Le déclin des kibboutzim a commencé peu après la victoire électorale du Likoud de 1977. Jusqu'alors, les gouvernements travaillistes qui s'étaient succédé depuis 1948 n'avaient jamais rien refusé à cette minorité, vue comme "l'élite de l'élite". Les subsides pleuvaient, d'autant plus généreux que la plupart des ministres, des députés, des fonctionnaires, des magistrats ainsi que des cadres de l'armée et des industries d'Etat avaient vécu dans ces villages collectifs. A partir de 1977-78 , le Premier ministre Menahem Begin (Likoud) et son homme de confiance Ariel Sharon ont consacré d'énormes budgets à la création de colonies juives en Cisjordanie. Sharon rêvait d'installer au moins 1 million de colons dans les territoires, pour rendre le phénomène irréversible. Le projet n'est certes pas arrivé à son terme, mais des sommes énormes, évaluées par Shimon Pérès à 2 milliards de dollars, ont été investies dans la création d'infrastructures pour les colons.
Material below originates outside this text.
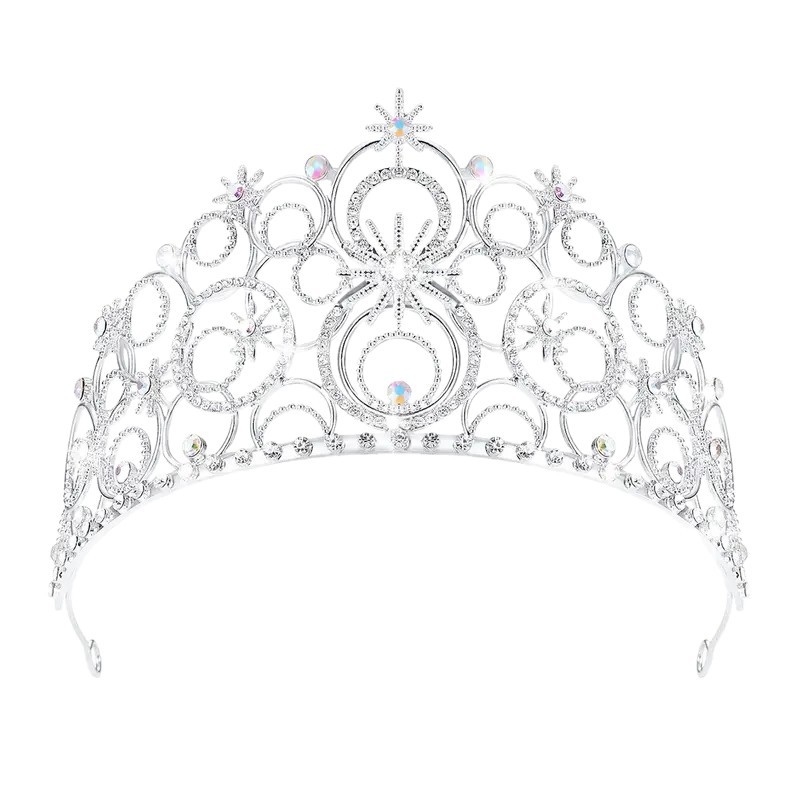 Vintage čelenka s konšteláciou, biele krištále, elektroplátovaný kov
Vers 1985, acculés par les banques, qui exigeaient le remboursement de prêts contractés durant la période travailliste, la plupart des kibboutzim étaient quasiment en état de faillite. Leur dette a alors été étalée et un mécanisme de solidarité entre les collectivités pauvres et les plus riches a été créé. Pour renflouer les caisses, des "camarades" ont été autorisés à travailler en ville, voire à développer une petite affaire au sein du village communautaire. Les maisons vides ont été louées à des Israéliens désireux de bénéficier de bonnes conditions de vie à la campagne. Mais l'agonie s'est poursuivie. En vingt-cinq ans, deux tiers des kibboutzim ont renoncé à l'égalitarisme pur et dur. Certains ont décidé de s'autodissoudre. Exemple: à la fin de 2002, le Conseil des ministres a "déclassifié" le kibboutz Haon, créé en Galilée en 1949 par des survivants polonais de la Shoah, et dont les descendants voulaient se séparer. Les terres de la communauté (qui avaient été en partie confisquées à des paysans palestiniens en 1948) ont été attribuées à l'Etat hébreu, qui les a vendues à des promoteurs.

"Dans les années 1960, des milliers de volontaires occidentaux se pressaient pour effectuer un séjour dans les kibboutzim et nous leur assenions nos beaux principes, se souvient Rinat Barzilaï, une ancienne de Haon. S'ils voyaient ce que nous sommes devenus, ils seraient déçus."